### What you need to do
Beneath this instruction is a listing. Transcribe from it only the stretch from the line with "Apartamento para alugar" through the line with "99c AUCTION - EARRINGS", both end lines included, exactly as written.

### Input for this task
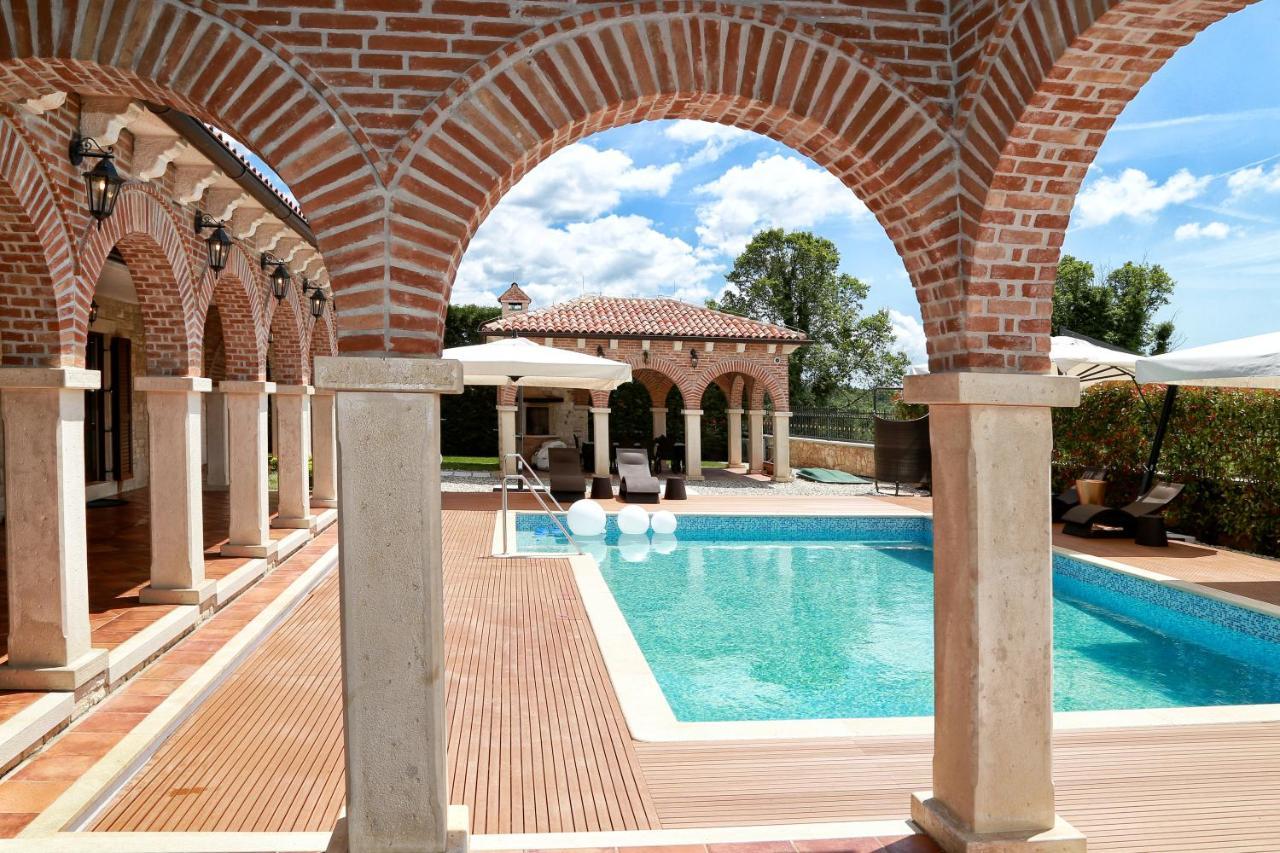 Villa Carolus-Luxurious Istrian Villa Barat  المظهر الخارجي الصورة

...

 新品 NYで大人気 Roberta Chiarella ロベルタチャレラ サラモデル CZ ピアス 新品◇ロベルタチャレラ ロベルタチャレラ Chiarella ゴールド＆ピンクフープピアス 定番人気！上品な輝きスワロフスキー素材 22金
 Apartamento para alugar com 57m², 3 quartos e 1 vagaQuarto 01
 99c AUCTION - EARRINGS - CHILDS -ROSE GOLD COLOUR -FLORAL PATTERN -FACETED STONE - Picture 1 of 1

### Answer space
 Apartamento para alugar com 57m², 3 quartos e 1 vagaQuarto 01
 99c AUCTION - EARRINGS - CHILDS -ROSE GOLD COLOUR -FLORAL PATTERN -FACETED STONE - Picture 1 of 1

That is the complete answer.